A version of this post originally appeared on the author’s blog.
Richard Cohen has a piece in the Washington Post about the insidious effect of Sarah Palin on the field of Republican presidential contenders:
Since Since Palin…ignorance has become more than bliss. It’s now an attribute, an entire platform: Vote for me, I know nothing and hate the same things you do…
So far, the Palin effect has been limited to the GOP. Surely, though, there lurks in the Democratic Party potential candidates who have seen Palin and taken note. Experience, knowledge, accomplishment — these no longer may matter. They will come roaring out of the left proclaiming a hatred of all things Washington, including compromise. The movie had it right. Sarah Palin changed the game.
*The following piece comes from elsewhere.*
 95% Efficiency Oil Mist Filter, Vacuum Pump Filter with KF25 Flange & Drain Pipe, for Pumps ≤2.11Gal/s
Plenty of political scientists will tell you that political identification nowadays has a lot more to do with common dislikes than likes, and Sarah Palin is a great example. Her brand of politics centers on rejection — abortion, gay marriage, Washington elites, Barack Obama, basic understanding of facts, etc. — and lots of people evidently identify with that. Still, representative selection, as we’ve seen, becomes difficult with a field composed of candidates like this. At some point, Republican voters need to choose a nominee to face off against Barack Obama in November, and more broadly, to carry forth the ideals of the conservative movement, but it’s hard to identify the best individual to do that among a group of candidates who are all advancing the same wide-ranging view that everything needs to go.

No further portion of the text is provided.